La création du secteur optionnel figure déjà en toutes lettres dans la convention médicale signée cet été… comme elle était déjà inscrite dans la convention de 1993 ! Pourtant, les négociations vont reprendre le 12 octobre entre syndicats de médecins, Assurance-maladie et complémentaires pour remettre une nouvelle fois l’ouvrage sur le métier. Mardi, une première réunion de cadrage a eu lieu entre les deux derniers afin d’évaluer le coût pour les complémentaires du remboursement de ces dépassements régulés. « Nous attendons de l'Assurance-maladie des estimations sur ce que cela va nous coûter et nous voulons comparer nos évaluations, indiquait-on à la Mutualité Française avant la réunion. Jusqu'à présent, le gouvernement nous a dit "signez et après on verra". Mais nous ne sommes pas des payeurs aveugles ou des supplétifs ».

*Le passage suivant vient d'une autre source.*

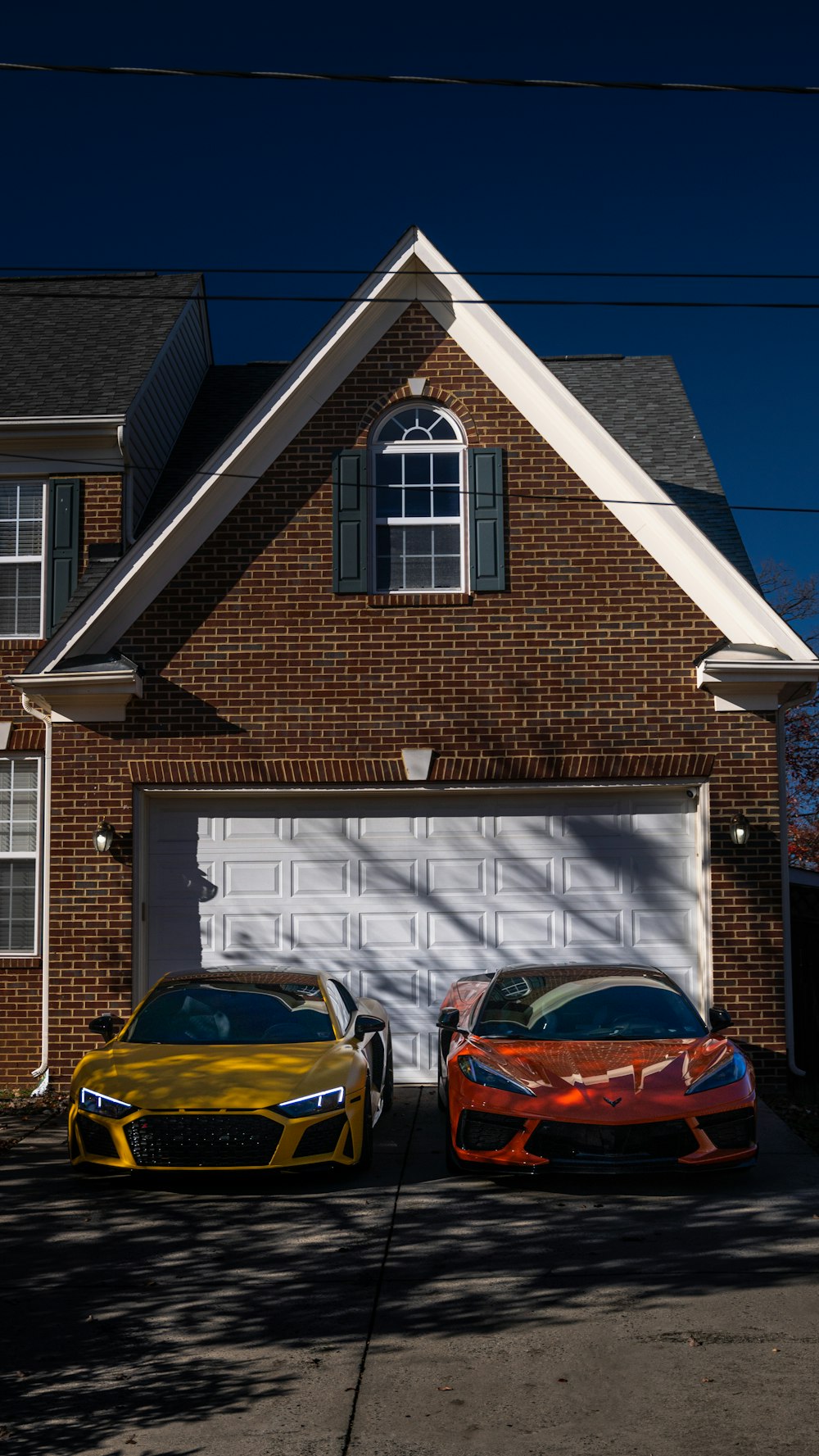 two cars parked in front of a house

Une accumulation de contentieux
Les pourparlers de cet été avaient simplement fixé le cadre du secteur optionnel. Mais depuis lors les contentieux se sont accumulés avec les pouvoirs publics. A la rentrée, les complémentaires se sont braqués à cause de la hausse des taxes sur leur chiffre d’affaires. Elles redoutent à présent un amendement au PLFSS, présenté par la députée UMP Valérie Rosso-Debord, qui prévoit de taxer les réserves des mutuelles. Ces dernières sont aussi en délicatesse avec le gouvernement au sujet de l’impossibilité pour elles actuellement de contractualiser directement avec des professionnels de santé.
Pour autant, sur le papier, tout semble prêt. Les contours du nouveau secteur ont déjà été négociés depuis octobre 2009. Il ne concernera, dans un premier temps, que les médecins de secteur 2 ou titulaires d’un DP exerçant en plateaux techniques lourds, autrement dit chirurgiens, anesthésistes et obstétriciens. Ces praticiens pourraient alors s’engager à réaliser 30% ou plus de leurs actes au tarif opposable et à facturer pour les autres des « compléments d’honoraires » inférieurs ou égaux à 50% du tarif opposable. En contrepartie, l’Assurance-maladie participerait au financement des cotisations du praticien.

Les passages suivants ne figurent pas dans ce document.